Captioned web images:

┌──

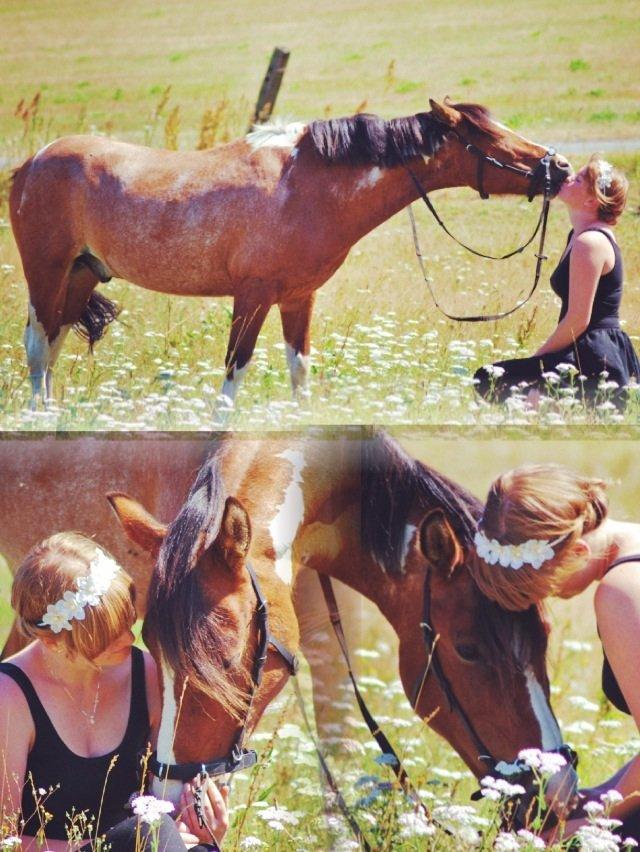 20-års fødselsdag med mine skønne muler :)  billede 23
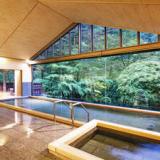 花巻温泉 佳松園 肌にしみこむ化粧水のような「とろとろの湯」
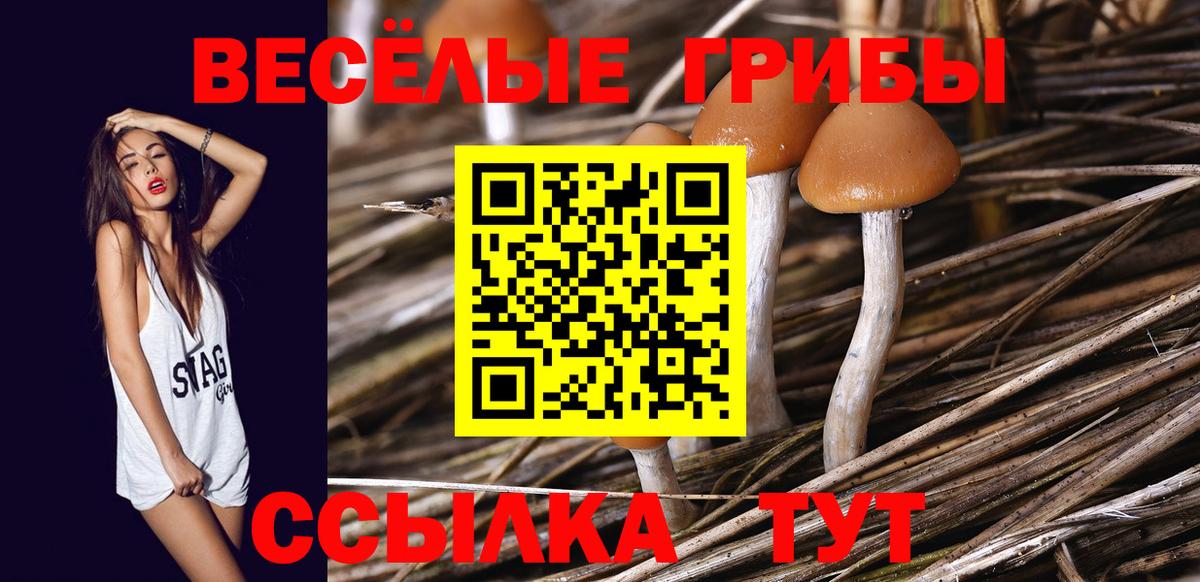 Фролово  Псилоцибиновые грибы MAGIC MUSHROOMS  Вход с VPN 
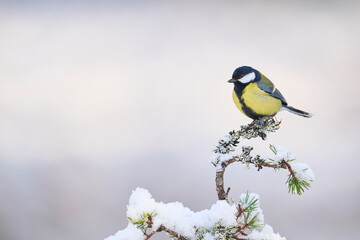 Great Tit (Parus major) perched on a branch in the highlands of Scotland      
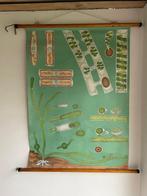 schoolkaart zoetwaterpoliep, Antiek en Kunst, Natuur en Biologie, Ophalen of Verzenden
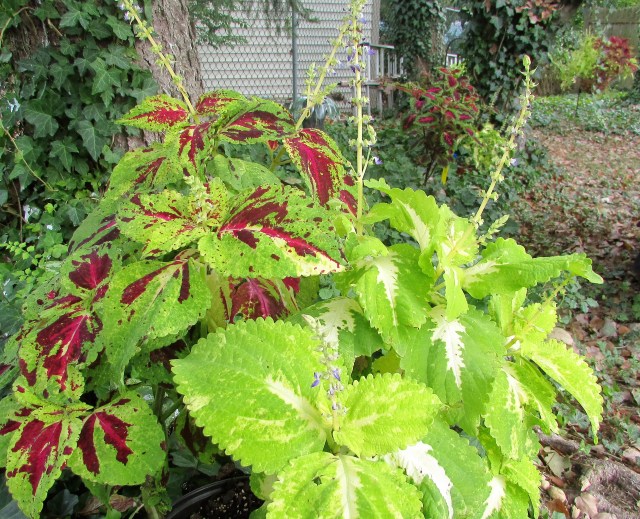coleus1
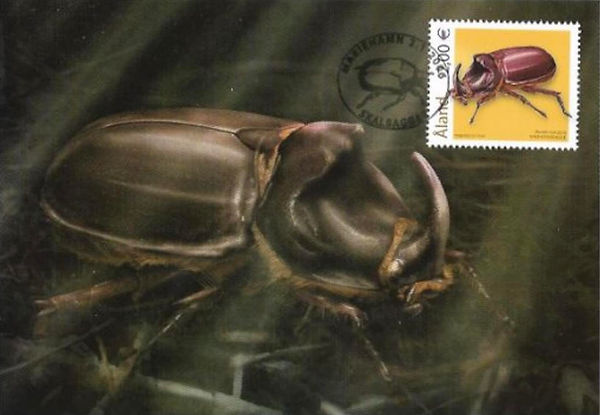 European rhinoceros beetle (Oryctes nasicornis)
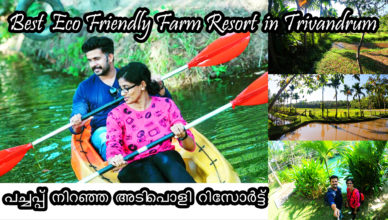 Green Tsavorite Varkala | The Best Eco Friendly Farm Resort in Trivandrum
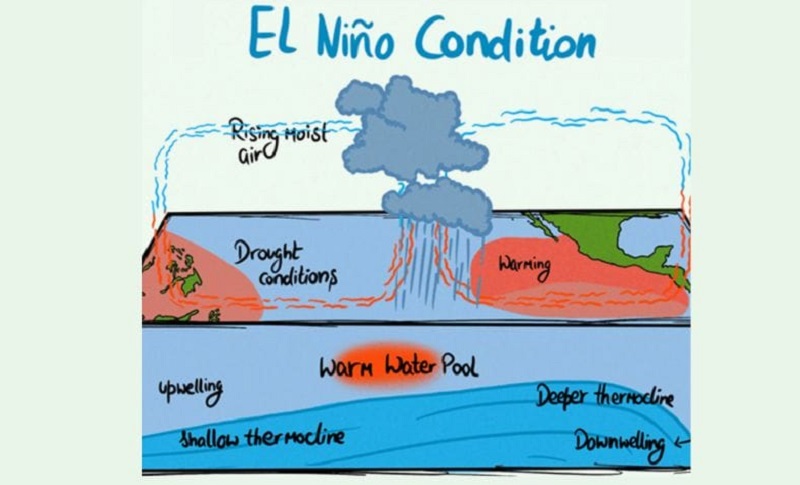 hiện tượng el nino là gì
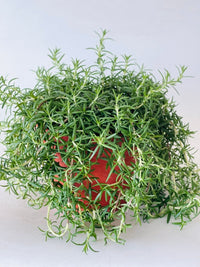 ORDER A GARDEN (Herbs) - Potted plant - Tumbleweed Plants - Online Plant Delivery Singapore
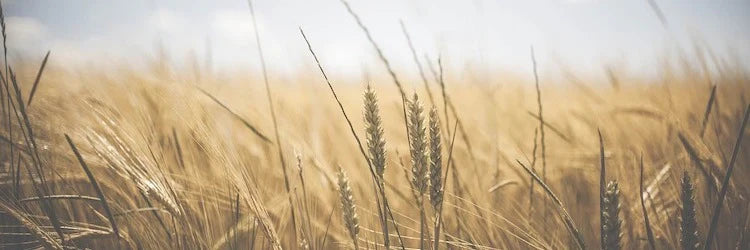 Allergie au pollen et rhume des foins : les traitements naturels
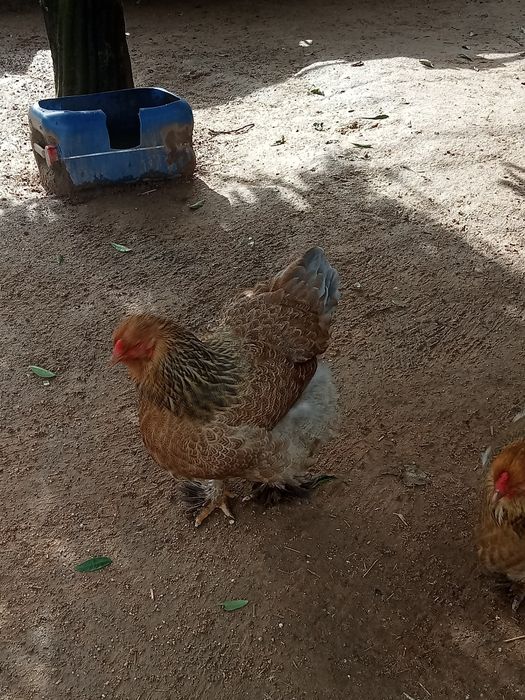 Para venda Galinhas Brama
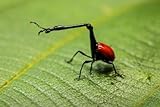 Giraffe Weevil Wall Decal - 30 Inches W x 20 Inches H - Peel and Stick Removable Graphic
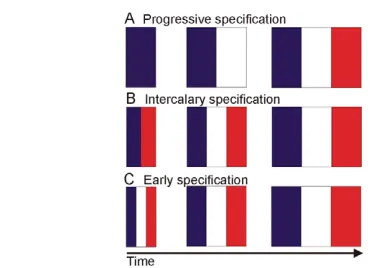 Fig. 1. French flag models illustrating potential roles of growthin embryonic patterning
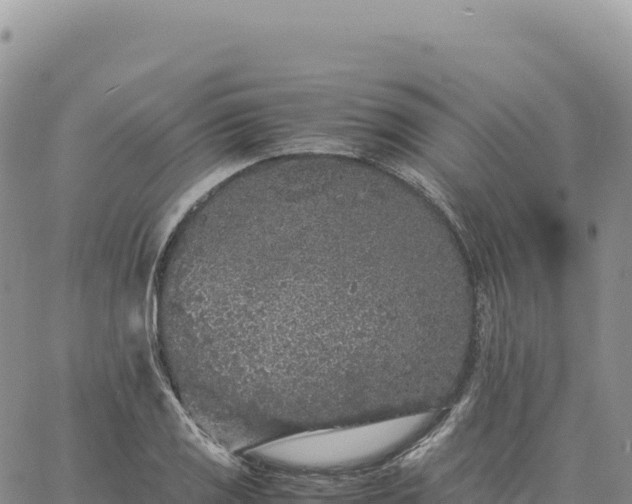 X0000061761125200512091654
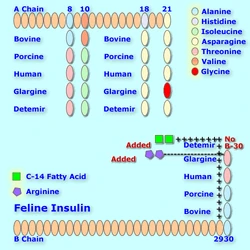Feline insulin compared with bovine, canine/porcine, human, glargine (Lantus) and detemir (Levemir). Differences, alterations and additions shown for all 6 insulins.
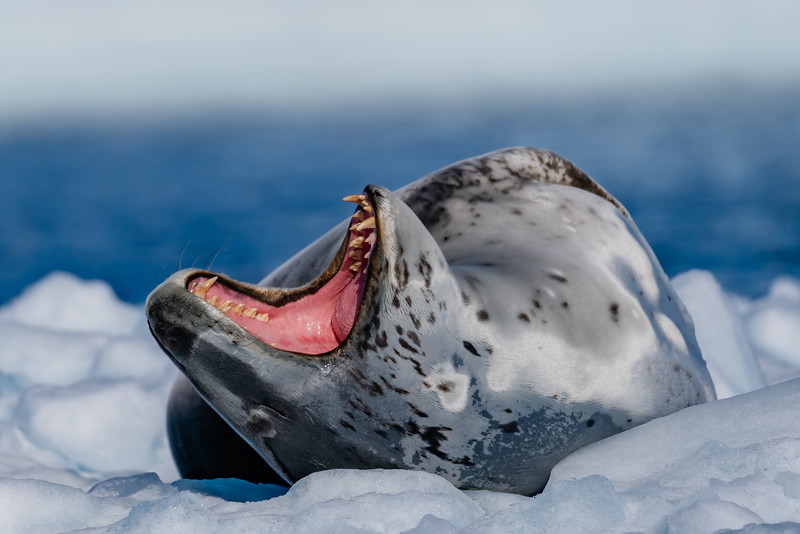 Leopard Seal with mouth open showing teeth in Antarctica 
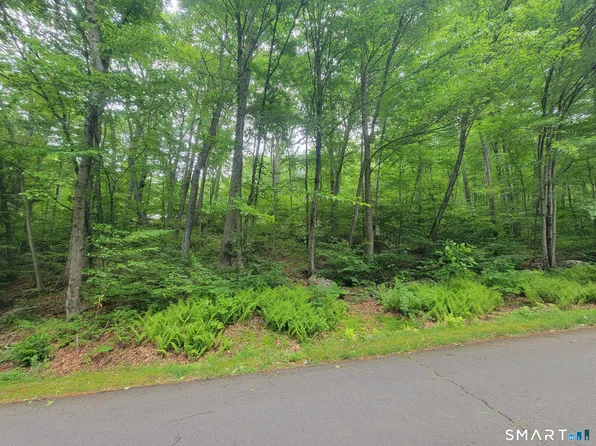 17 (Lot 2) Secret Mountain Trail, Canton, CT 06019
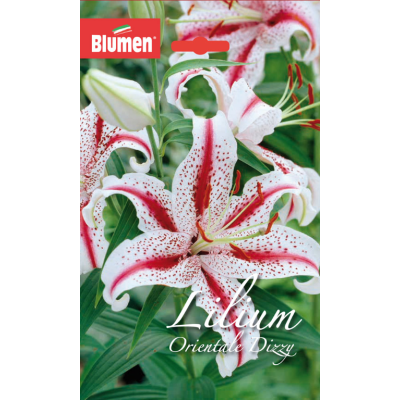 Flora Elite - Bulbi Lilium Oriental Dizzy 2 pezzi Cod. 13307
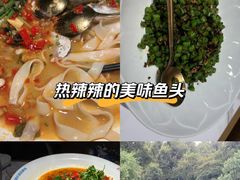 -坛宗剁椒鱼头(河西王府井店)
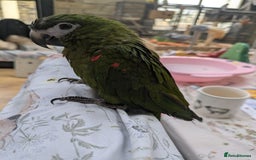 Macaws birds for sale: Ara Hahna red shouldered macaw tamed babies - Image 9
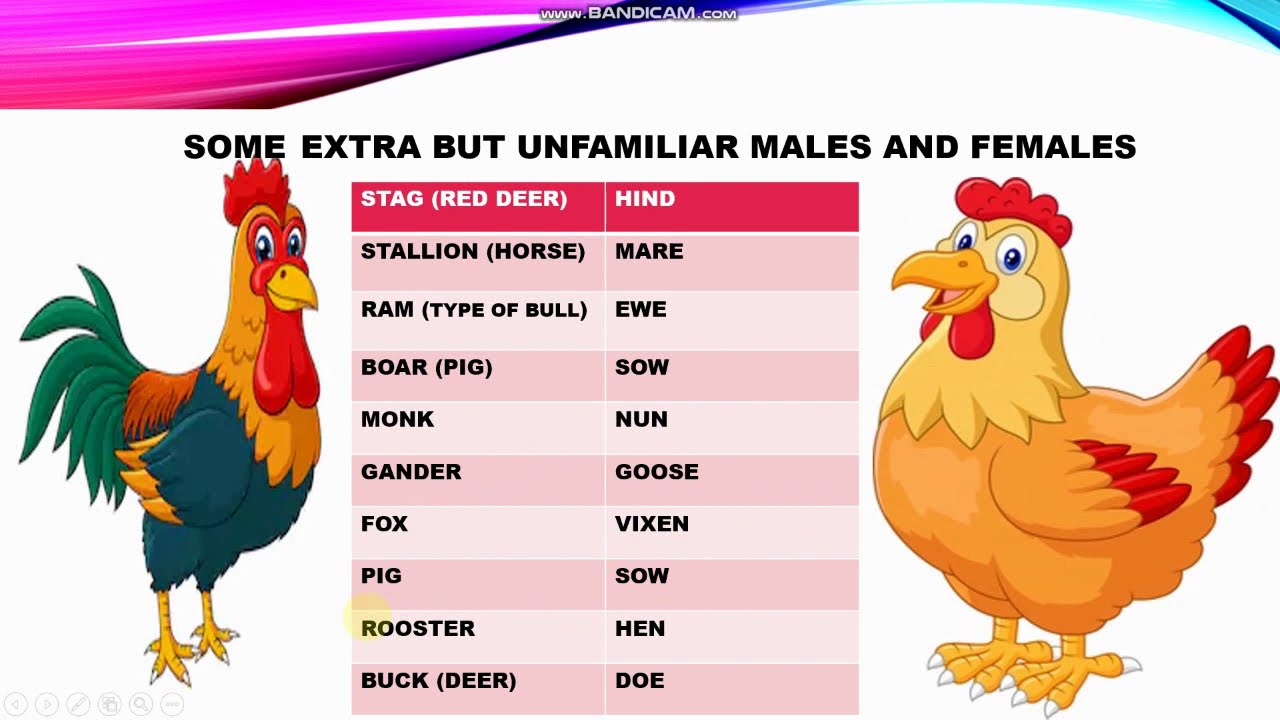 Useful Tips To Convert Masculine To Feminine Gender Nouns All About Gender Nouns With Meaning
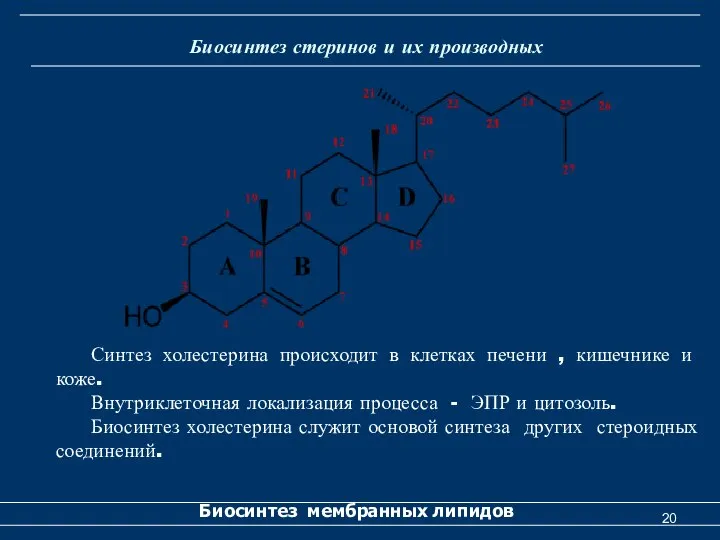 Биосинтез стеринов и их производных Биосинтез мембранных липидов Синтез холестерина происходит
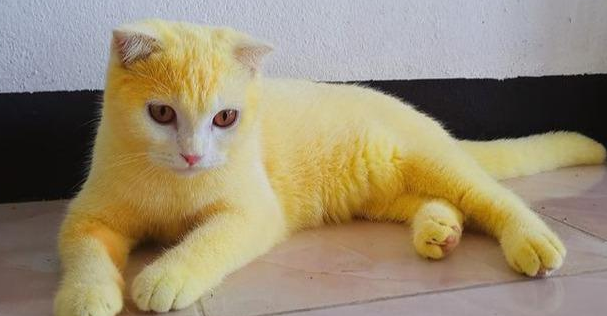再现实版的“猫界皮卡丘”：猫咪炎症感染 主人却用“土方”染了色(图1)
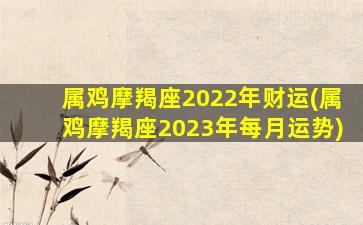 属鸡摩羯座2022年财运(属鸡摩羯座2023年每月运势)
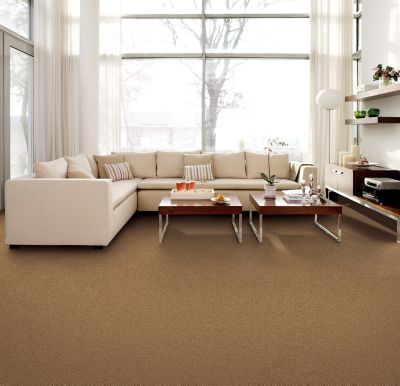 Mohawk - Rococo Beige - Classical Design I - SmartStrand - Carpet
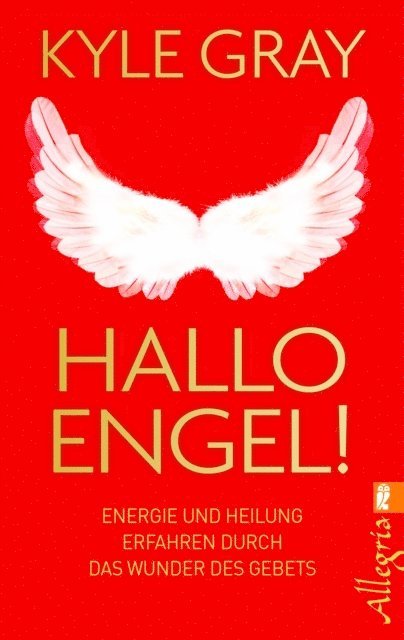 Kyle Gray - Hallo Engel!, E-bok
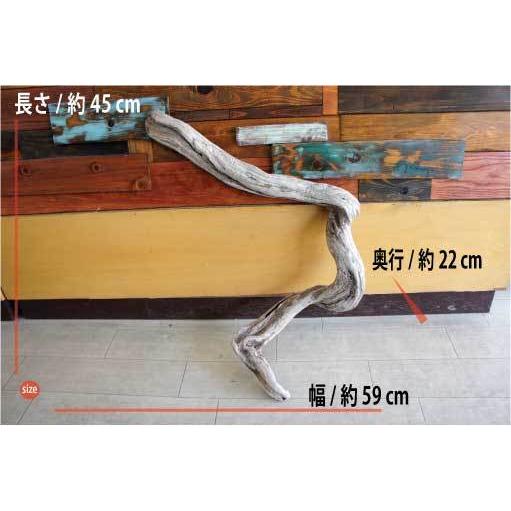 インテリア オブジェ おしゃれ 爬虫類 登り木 流木 レイアウト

└──

Goal of the exercise:
Give again, word for word, every line from the top of the entries above to the line holding "hiện tượng el nino là gì", both included. Leave the pictures out.

Response to this task:
 20-års fødselsdag med mine skønne muler :)  billede 23
 花巻温泉 佳松園 肌にしみこむ化粧水のような「とろとろの湯」
 Фролово  Псилоцибиновые грибы MAGIC MUSHROOMS  Вход с VPN 
 Great Tit (Parus major) perched on a branch in the highlands of Scotland      
 schoolkaart zoetwaterpoliep, Antiek en Kunst, Natuur en Biologie, Ophalen of Verzenden
coleus1
 European rhinoceros beetle (Oryctes nasicornis)
 Green Tsavorite Varkala | The Best Eco Friendly Farm Resort in Trivandrum
 hiện tượng el nino là gì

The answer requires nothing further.